I don’t know what they expect me to do with this small fortune that they generously give me in the name of Christmas spirit. Sometimes when it happens I am headed out to the office in a suit and five inch stiletto heels, my hair done up in a tight bun, and the stresses of business pressing on my mind. Do they expect me to buy a weeks worth of groceries with it? Is it simply a nice gesture so I can buy myself a little something special? I’m always confused on how exactly to respond and despite looking, I have yet to find a manners book which adequately explains the protocol of accepting money on the street from perfect strangers.
When I was younger this sort of behavior used to happen me all year round. It took other forms of course. I would be in the grocery store looking around in certain aisles and a perfect stranger decided to get whatever it was on the top-shelf which I happened to be looking at, bring it down and put it in my basket. It didn’t matter if I voiced that I wanted it or not; the product was being stared at and therefore it ought to be mine. I thought that this type of behavior would go away in London since it is the land of the stiff upper lip and somewhat emotionally repressed individual. In addition, I thought that maybe with age and a business suit the alms I was given would stop as well. For the most part I was right, it does. Except during the most wonderful time of the year.

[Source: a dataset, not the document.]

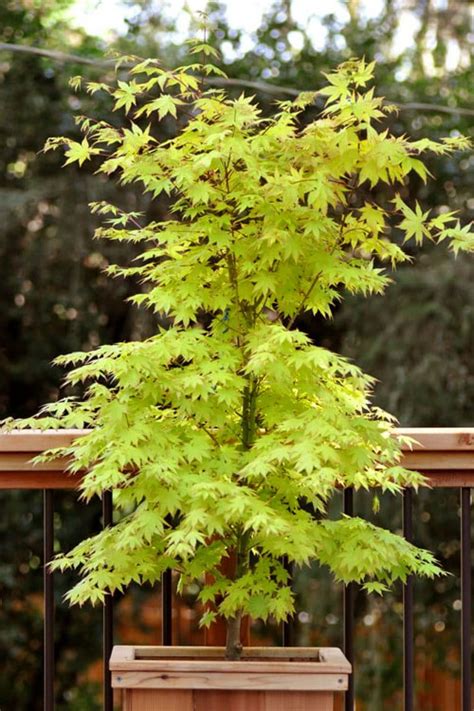 Buy Anne Iren Gold Japanese Maple FREE SHIPPING Wilson Bros Gardens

Then it seems to be a charity free for all.
To make matters worse I am quite literally living in the homeland of “Tiny Tim.” The Dickensian idea of the crippled child who loves God and blesses everyone seems to run rampant on television as every single BBC channel seems to show a different version of ‘A Christmas Carol.” From December 1st through the 25th it’s like everyone wants to see themselves as the redeemed Scrooge and rather than buying the goose in the window and sending it to Mr. Cratchit, they do the modern equivalent by offering to pay for my chai tea latte with soy milk or simply place a fiver in my lap and patting my head as they go by. It seems, spited as I may be, suddenly when the baby Jesus’ come out and ice skating is on the top of every fashionable young persons to-do list; everyone wants to be in a Dickens novel and so they race to the closest person with a disability they can find.

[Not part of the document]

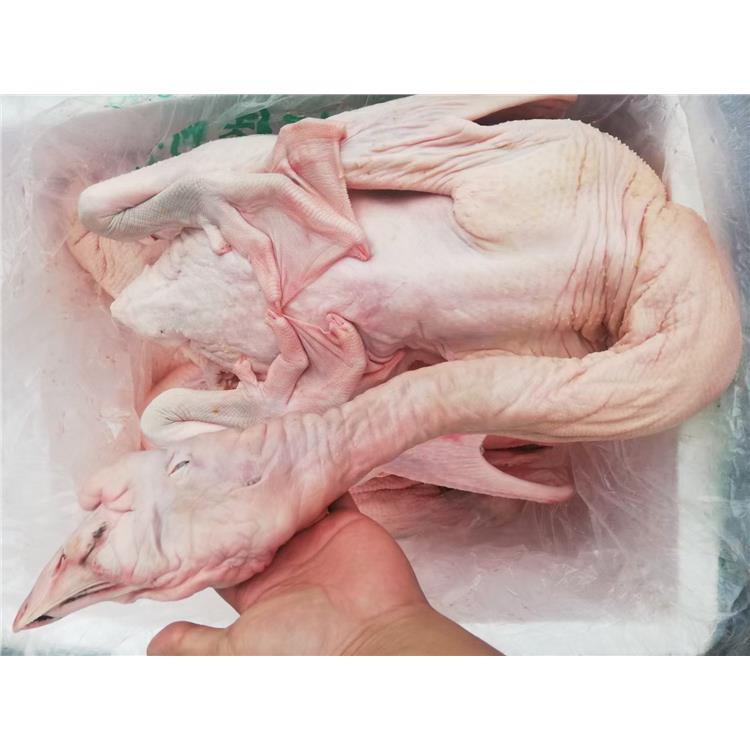 白条鸭养殖天数清远水养殖白条鸭冷链发货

The more I fight their good intentions, assuring them that I don’t need their money, I own my own company and can get along just fine thank you very much, the more they insist. And so it becomes a circular debate in the extremes. They want to give me the money and I keep saying I don’t want it; thus making me look like the more humble individual and so they want to give it to me even more. Usually I lose the fight simply because my hands don’t work and so when they thrust the gifts into my lap I am unable to give the cash back to them before they pat me on the head and run off. Usually I am quickly able to find someone who is truly in need to give it to. After all, that is what the original giver wished to have happen with that portion of their hard earned income.

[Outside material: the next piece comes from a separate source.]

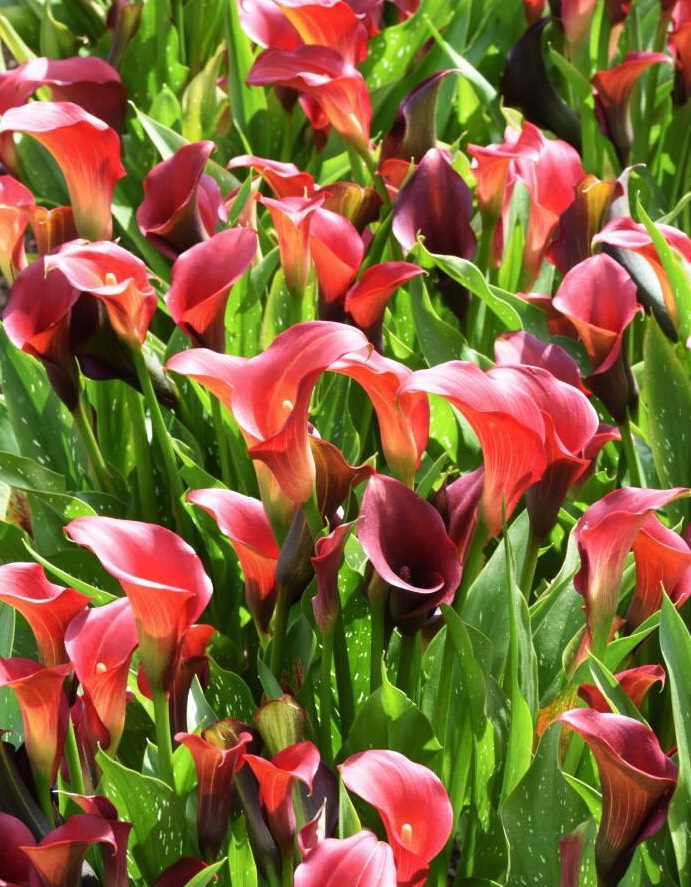 家庭阳台栽培最好的花卉,适合阳台种植的不死苗盆栽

I am sure there was a time in my life where I fit the stereotype of Tiny Tim very well. I was young, loved God, and decisively optimistic. While I still fit into those categories, as an adult I now own my own company and wear skinny jeans and knee-high boots rather than the modest clothing that such a character would wear. However, it became clear that I was a long way off from outgrowing the public’s perception that I am the innocent disabled child that is able to melt hearts and bring joy; regardless of the fact that I had no sleep, have been suffering from cramps all day, and managed to get into a huge fight with my roommate about whether or not ketchup should be refrigerated. Even at my age and having I still don’t know how to stop the Christmas charity of being given money by complete strangers. I would like to stop it completely because where I come from, throwing money at a woman going down the street means something that no doubt would make Tiny Tim blush.